Sounds very high minded. The denigrating tone isn't necessary. Not everyone who shoots needs to be a handloader. It's true that there is a degree of quality in reloading that varies. Cleaning primer pockets is one step that might yield a low order of variance in ammunition performance. I understand that bench rest shooters strive for the highest degree of consistency possible in all steps of the process. Which makes me wonder, is there a torque indicator used in seating primers into clean pockets? Brass flow in a primer pocket of a fired case varies from one case to another. So even if you could measure the amount of pressure exerted when seating a primer, it wouldn't necessarily be consistent. Just using this as an example of how far you might try to go to achieve consistency "as a handloader."

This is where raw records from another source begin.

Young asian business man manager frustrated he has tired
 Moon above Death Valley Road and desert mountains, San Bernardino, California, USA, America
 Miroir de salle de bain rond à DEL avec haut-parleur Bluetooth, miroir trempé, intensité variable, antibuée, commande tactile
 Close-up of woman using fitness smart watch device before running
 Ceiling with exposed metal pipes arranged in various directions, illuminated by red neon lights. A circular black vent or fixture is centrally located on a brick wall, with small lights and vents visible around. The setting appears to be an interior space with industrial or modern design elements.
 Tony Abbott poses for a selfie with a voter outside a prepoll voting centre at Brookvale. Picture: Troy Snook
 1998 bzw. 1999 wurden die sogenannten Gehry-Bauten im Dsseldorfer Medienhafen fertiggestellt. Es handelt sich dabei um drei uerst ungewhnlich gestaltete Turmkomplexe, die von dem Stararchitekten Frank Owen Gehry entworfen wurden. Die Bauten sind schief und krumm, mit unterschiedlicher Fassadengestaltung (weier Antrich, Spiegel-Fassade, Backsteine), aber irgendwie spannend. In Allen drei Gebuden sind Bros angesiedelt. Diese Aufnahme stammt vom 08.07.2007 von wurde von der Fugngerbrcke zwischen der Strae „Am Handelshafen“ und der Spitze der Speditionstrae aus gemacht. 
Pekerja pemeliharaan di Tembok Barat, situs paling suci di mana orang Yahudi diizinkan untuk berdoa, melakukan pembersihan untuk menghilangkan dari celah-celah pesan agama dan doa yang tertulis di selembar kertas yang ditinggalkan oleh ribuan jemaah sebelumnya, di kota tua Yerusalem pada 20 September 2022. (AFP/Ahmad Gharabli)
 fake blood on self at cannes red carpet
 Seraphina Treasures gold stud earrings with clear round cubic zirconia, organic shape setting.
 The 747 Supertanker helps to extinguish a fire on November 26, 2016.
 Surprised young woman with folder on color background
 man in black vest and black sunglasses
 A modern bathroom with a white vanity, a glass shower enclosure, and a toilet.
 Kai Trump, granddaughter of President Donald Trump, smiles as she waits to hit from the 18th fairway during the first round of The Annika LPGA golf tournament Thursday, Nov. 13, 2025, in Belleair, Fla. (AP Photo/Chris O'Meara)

Cleaning primer pockets would certainly be in order to prevent high primers. And if this were the matter at hand, I'd recommend the practice. I inspect primer pockets and flash holes. Every once in a while, I find one that needs scaling out, in my opinion.

I've seen the results of chrono tests with two lots of ammo, one with cleaned primers, the other with uncleaned. The ES was exactly the same. The velocities didn't vary enough to be significant. In my own shooting, I've never noticed any difference so I don't routinely do it. In my own case the human element in shooting is a far greater variable than the sanitation of primer pockets . So I guess that makes me a reloader not a handloader.

Some say it doesn’t matter but to each there own.
This exactly.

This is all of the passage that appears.